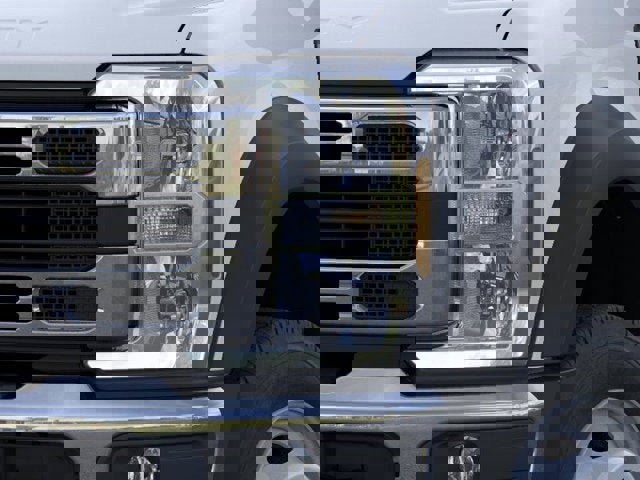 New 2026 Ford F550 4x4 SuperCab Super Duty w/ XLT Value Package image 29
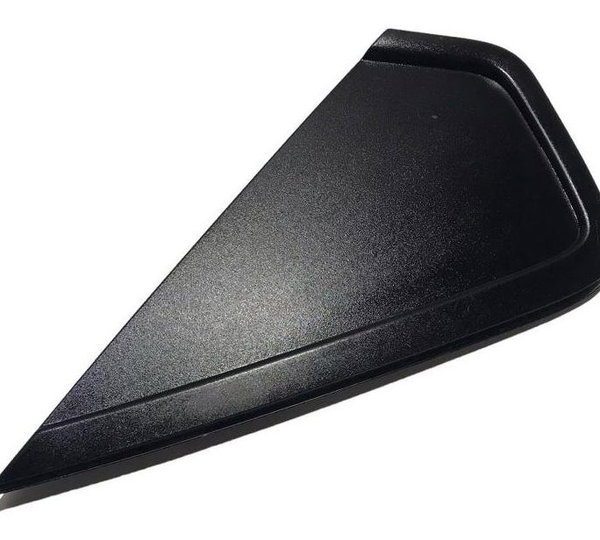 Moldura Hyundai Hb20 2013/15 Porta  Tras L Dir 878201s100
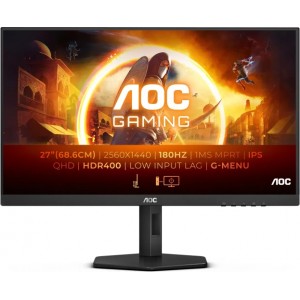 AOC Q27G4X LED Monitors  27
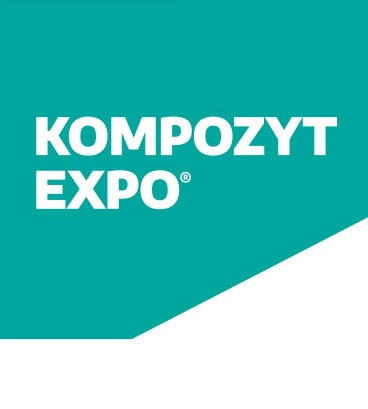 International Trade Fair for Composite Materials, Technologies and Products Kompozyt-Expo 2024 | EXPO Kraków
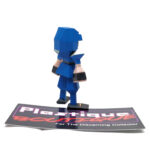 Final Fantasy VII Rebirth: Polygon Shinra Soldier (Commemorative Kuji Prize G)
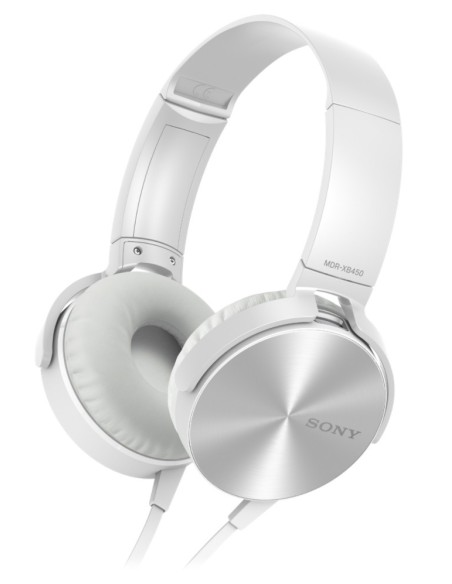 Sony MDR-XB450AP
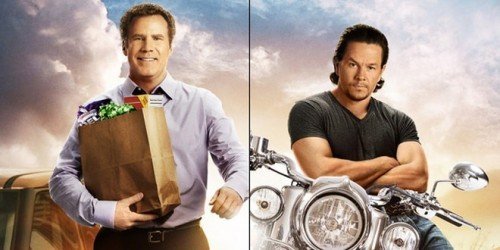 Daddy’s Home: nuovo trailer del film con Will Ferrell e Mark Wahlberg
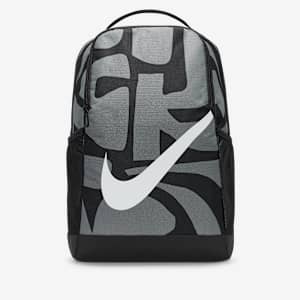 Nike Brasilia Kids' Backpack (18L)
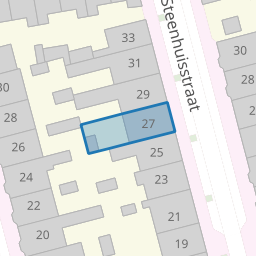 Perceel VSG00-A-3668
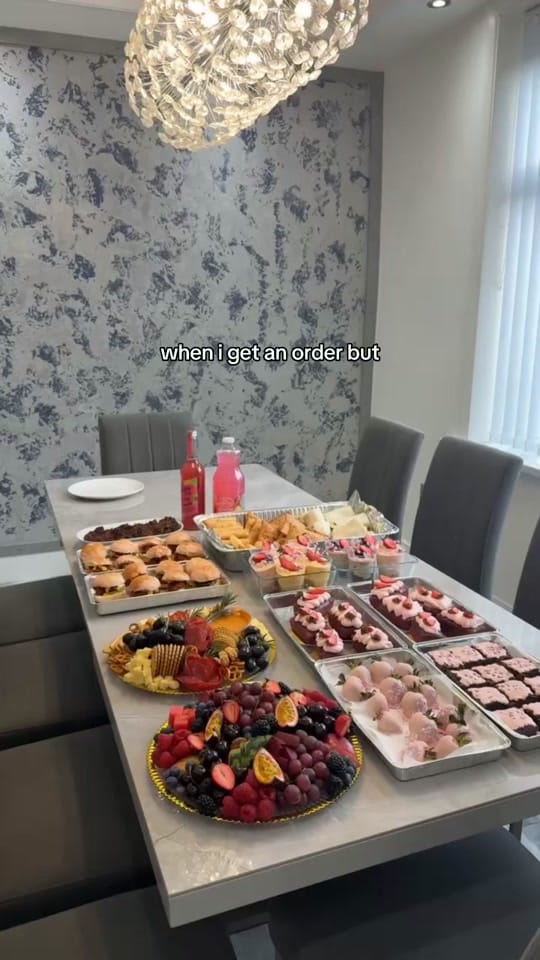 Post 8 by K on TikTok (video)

*TASK TO COMPLETE*
The result should be a verbatim copy of the data, free of pictures.

*SOLUTION TO THE PROBLEM*
 New 2026 Ford F550 4x4 SuperCab Super Duty w/ XLT Value Package image 29
 Moldura Hyundai Hb20 2013/15 Porta  Tras L Dir 878201s100
 AOC Q27G4X LED Monitors  27
 International Trade Fair for Composite Materials, Technologies and Products Kompozyt-Expo 2024 | EXPO Kraków
 Final Fantasy VII Rebirth: Polygon Shinra Soldier (Commemorative Kuji Prize G)
 Sony MDR-XB450AP
 Daddy’s Home: nuovo trailer del film con Will Ferrell e Mark Wahlberg
 Nike Brasilia Kids' Backpack (18L)
 Perceel VSG00-A-3668
 Post 8 by K on TikTok (video)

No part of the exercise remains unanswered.